Just uncovered this recently and wanted to post it to all. Did you know that Thimble Theatre and Popeye creator E.C. Segar based his lead character on a real man?

Before Thimble Theatre’s debut in the New York Journal back in December of 1919, fortune would have it that E.C. Segar had met up with a gent named Frank “Rocky” Fiegel. The character Popeye the Sailor Man would not appear in the comic strip series until 10 years later in January of 1929. Fiegel was a tough, retired sailor born on January 27, 1868 who had migrated from his native Poland. E.C. Segar had met Fiegel at Wiebusch’s Tavern in Chester, Illinois where he was employed as the janitor and bouncer. As is the nature of his employment, Fiegel got into many fights sorting out the sots and rowdies and incurring injuries. One incident had reported to have left him with an injury to his eye which led him to be given the nickname “Popeye”. He was a legendary scrapper locally who spoke out of the side of his mouth due to his near constant pipe smoking. It’s told that Fiegel smoked like a chimney and favoured wearing striped sailor’s t-shirts and his trademark cap daily. He also had a strong chin and thick, muscular arms. Lee Huffstutler, herself a Chester Illinois local, described Fiegel as “Tall, strong, always ready for a fight and always a winner”.

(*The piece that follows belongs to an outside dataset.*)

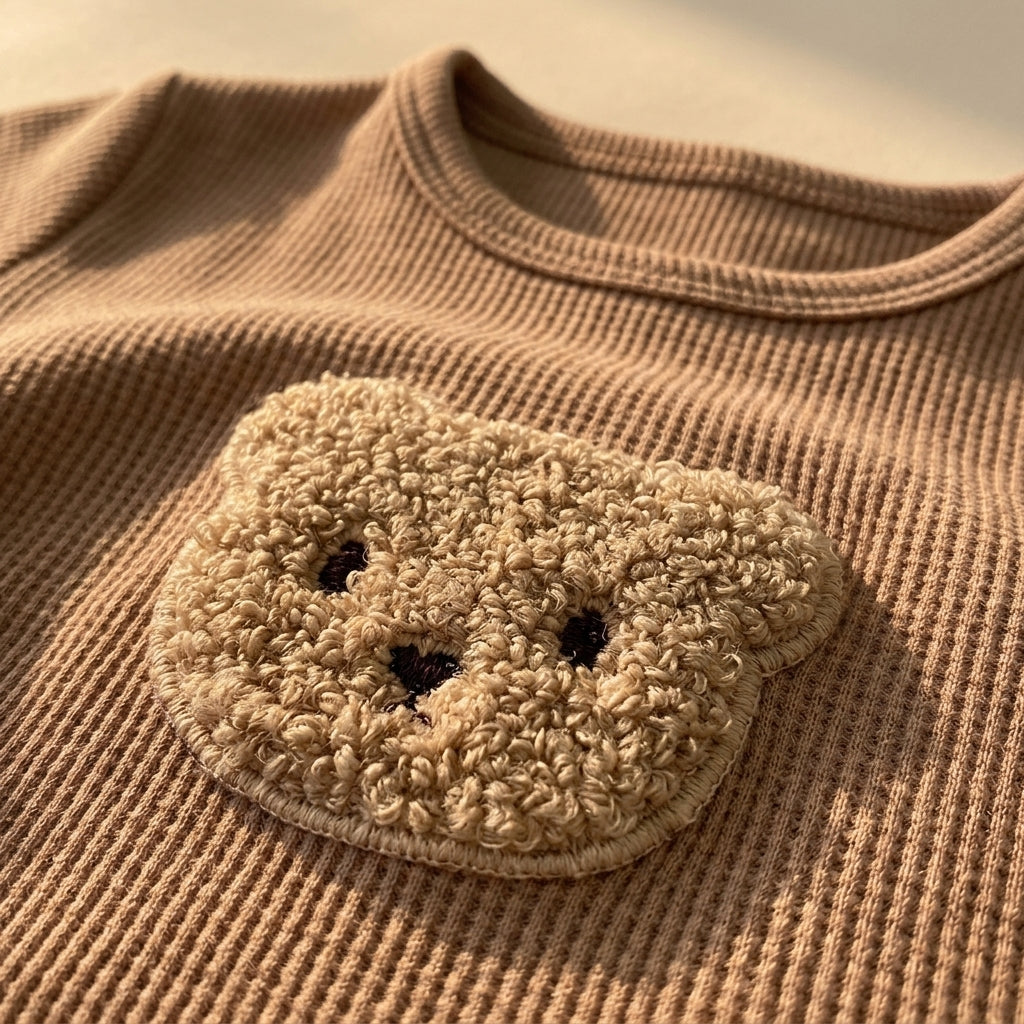 Ensemble Barboteuse + Bonnet Bébé Ourson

Fiegel was known to regale pub patrons and especially children with his fantastic tales of his adventurous younger life. He boasted of his great physical strength loudly proclaiming the benefits of spinach as the source of his vitality. E.C. heard these riveting accounts dramatised by the rambunctious ex-sailor again and again. He saw and heard the rough and tumble side of Fiegel’s life but also saw another as a compassionate and just man who loved playing with children and telling his thrilling stories of wonderment. Experiencing all of this in his hometown seeded the fertile imagination of E.C. Segar who developed his signature character Popeye off of this larger-than-life gentleman. Years later in 1979, the St. Louis Post-Dispatch ran a picture of Frank “Rocky” Fiegel sitting in a rocking chair and smoking a pipe, stating that he was the inspiration for the character.

SOURCES:
The St. Louis Post-Dispatch clipping
https://www.newspapers.com/clip/33064740/southern-illinoisan/

Gravesite
https://rare.us/wp-content/uploads/2019/08/31875462_137938898300.jpg

Popeye the Sailor Man was Based on a Real Person
https://www.historydefined.net/popeye-the-sailor-man-was-based-on-a-real-person/
« Last Edit: February 05, 2023, 08:56:45 PM by The Ghost Man »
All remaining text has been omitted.